Earl Edwards is married to Elianny Edwards, a GSE&IS doctoral student in the Division of Human Development & Psychology. Mrs. Edwards is also an alumna of A Better Chance and a BMI researcher; she will teach a “Sister-to-Sister” course in Winter of 2018. She has also created her own mentoring program for Latina high school students. The couple’s philosophy of “paying it forward” for the next generation of students is no coincidence. In his research on student homelessness, Earl Edwards has found that those who have overcome this kind of adversity and have succeeded both academically and professionally, also want to give back to those who face similar challenges.

“Among all the individuals I’ve talked to, they want a job where they’re giving back and helping individuals that are also facing adverse situations,” he observes. “Some just graduated from high school and are going to community colleges. Others are at places like UCLA and are doing extremely well. You would think after facing homelessness and living in poverty, the students would make it to a college and pick a career that guarantees them the most money possible.’

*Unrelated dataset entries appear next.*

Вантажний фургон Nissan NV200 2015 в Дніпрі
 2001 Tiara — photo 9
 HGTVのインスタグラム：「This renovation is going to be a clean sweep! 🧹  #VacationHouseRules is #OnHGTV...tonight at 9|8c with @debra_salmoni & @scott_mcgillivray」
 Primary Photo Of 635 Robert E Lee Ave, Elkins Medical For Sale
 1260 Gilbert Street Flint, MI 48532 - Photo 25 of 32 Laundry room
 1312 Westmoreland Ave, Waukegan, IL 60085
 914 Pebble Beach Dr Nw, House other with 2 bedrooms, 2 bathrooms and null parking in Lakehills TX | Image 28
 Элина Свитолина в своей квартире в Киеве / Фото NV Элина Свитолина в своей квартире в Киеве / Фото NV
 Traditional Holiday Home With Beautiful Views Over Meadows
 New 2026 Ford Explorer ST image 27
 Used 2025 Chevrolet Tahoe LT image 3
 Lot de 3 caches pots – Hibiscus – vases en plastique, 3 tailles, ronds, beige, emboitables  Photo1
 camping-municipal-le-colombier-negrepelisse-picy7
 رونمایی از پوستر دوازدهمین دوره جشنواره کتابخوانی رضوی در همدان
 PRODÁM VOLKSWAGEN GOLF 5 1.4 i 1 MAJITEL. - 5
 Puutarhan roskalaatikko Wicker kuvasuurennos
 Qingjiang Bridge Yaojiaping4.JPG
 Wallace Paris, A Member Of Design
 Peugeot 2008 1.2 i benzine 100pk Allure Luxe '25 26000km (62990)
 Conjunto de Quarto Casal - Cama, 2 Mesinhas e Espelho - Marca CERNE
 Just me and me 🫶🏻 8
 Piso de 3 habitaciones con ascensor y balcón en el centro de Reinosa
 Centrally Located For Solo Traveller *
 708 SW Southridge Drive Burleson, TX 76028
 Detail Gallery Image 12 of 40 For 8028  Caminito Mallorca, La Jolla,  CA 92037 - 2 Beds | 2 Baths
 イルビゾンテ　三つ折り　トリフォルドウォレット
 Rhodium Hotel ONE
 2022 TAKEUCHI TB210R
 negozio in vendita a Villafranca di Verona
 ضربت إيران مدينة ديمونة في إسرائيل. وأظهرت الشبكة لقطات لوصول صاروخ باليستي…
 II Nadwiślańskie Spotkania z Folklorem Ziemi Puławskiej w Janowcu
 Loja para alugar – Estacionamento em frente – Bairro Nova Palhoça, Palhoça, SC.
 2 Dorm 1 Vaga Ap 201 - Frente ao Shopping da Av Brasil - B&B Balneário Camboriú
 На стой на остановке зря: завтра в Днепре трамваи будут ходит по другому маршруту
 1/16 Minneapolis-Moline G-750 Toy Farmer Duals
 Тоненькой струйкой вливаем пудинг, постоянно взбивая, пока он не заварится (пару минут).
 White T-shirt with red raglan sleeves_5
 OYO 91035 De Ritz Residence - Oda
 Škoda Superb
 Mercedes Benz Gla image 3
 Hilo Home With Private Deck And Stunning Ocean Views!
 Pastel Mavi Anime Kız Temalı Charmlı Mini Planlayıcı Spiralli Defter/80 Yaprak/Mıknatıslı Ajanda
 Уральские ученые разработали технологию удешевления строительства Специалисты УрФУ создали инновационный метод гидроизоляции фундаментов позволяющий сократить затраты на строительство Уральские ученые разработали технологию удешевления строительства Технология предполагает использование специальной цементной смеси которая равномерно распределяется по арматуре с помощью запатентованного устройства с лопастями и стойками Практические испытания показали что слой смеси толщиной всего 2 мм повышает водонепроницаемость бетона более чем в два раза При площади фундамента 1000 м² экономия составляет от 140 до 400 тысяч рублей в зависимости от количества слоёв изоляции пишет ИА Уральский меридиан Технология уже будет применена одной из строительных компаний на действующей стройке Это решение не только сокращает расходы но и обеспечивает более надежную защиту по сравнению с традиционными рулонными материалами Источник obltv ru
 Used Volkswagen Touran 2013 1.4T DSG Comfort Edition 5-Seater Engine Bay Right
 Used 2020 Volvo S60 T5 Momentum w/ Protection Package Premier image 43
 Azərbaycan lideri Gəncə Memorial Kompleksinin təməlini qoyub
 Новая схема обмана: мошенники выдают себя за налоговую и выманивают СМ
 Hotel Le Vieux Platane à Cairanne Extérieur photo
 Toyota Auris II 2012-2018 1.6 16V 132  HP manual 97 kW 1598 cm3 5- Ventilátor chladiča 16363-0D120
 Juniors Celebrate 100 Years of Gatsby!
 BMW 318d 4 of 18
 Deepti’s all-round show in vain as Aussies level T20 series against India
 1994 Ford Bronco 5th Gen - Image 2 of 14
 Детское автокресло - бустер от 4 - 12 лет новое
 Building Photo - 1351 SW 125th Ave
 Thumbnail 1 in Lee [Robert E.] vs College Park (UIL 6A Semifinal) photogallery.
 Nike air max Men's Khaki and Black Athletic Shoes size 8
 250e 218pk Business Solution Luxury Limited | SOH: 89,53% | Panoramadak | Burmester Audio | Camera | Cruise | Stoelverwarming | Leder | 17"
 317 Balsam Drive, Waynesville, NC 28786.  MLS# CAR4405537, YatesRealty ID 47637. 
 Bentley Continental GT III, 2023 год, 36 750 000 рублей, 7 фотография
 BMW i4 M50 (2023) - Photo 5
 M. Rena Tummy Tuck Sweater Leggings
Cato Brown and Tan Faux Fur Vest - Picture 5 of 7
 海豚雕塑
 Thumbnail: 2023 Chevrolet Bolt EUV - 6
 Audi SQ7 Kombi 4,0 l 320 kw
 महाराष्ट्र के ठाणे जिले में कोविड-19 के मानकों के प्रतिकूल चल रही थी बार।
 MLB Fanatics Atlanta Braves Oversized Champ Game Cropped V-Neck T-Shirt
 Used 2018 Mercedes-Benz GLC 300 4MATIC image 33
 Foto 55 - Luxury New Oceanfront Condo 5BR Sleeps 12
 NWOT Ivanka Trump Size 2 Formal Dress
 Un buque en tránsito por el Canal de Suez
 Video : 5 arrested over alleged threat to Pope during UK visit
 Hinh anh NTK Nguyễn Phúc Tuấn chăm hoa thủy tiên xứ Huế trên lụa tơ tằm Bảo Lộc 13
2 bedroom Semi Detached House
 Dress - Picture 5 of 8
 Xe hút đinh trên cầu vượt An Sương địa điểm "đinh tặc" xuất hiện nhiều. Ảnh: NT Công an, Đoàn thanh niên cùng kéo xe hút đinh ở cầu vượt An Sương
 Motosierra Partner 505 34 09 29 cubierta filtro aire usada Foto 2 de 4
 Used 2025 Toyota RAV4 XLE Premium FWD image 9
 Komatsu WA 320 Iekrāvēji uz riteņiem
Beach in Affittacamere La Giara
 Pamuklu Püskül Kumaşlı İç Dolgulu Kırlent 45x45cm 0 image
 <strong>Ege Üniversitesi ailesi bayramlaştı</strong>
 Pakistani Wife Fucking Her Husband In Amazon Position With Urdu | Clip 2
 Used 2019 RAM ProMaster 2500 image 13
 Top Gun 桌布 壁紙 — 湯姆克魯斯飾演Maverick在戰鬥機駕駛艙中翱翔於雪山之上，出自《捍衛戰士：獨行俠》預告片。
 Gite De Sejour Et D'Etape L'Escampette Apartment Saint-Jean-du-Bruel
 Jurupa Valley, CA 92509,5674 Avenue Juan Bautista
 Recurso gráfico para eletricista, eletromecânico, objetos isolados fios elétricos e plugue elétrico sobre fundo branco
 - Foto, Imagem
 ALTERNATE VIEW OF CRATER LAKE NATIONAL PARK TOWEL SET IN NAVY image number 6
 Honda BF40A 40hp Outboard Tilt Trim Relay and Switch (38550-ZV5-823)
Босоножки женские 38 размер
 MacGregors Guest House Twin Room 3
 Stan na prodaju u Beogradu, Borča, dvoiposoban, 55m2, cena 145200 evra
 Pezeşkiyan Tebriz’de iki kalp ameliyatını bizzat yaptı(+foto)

“They all said, ‘No, I want to be a teacher.’ ‘I want to be a professor.’ ‘I want to be a researcher on homelessness to figure out how we can make sure fewer kids have to go through that.’ That says a lot about the value that these individuals have in our society and what we can do moving forward. Too often, we look at it like, ‘They’re not doing well. They have all these achievement gaps.’ We need to look at it from the perspective of when these young people have the opportunity to do what they can do with a stable environment, they can thrive and they can actually do a lot to help our country – to help us as a whole, to do better and to do more.”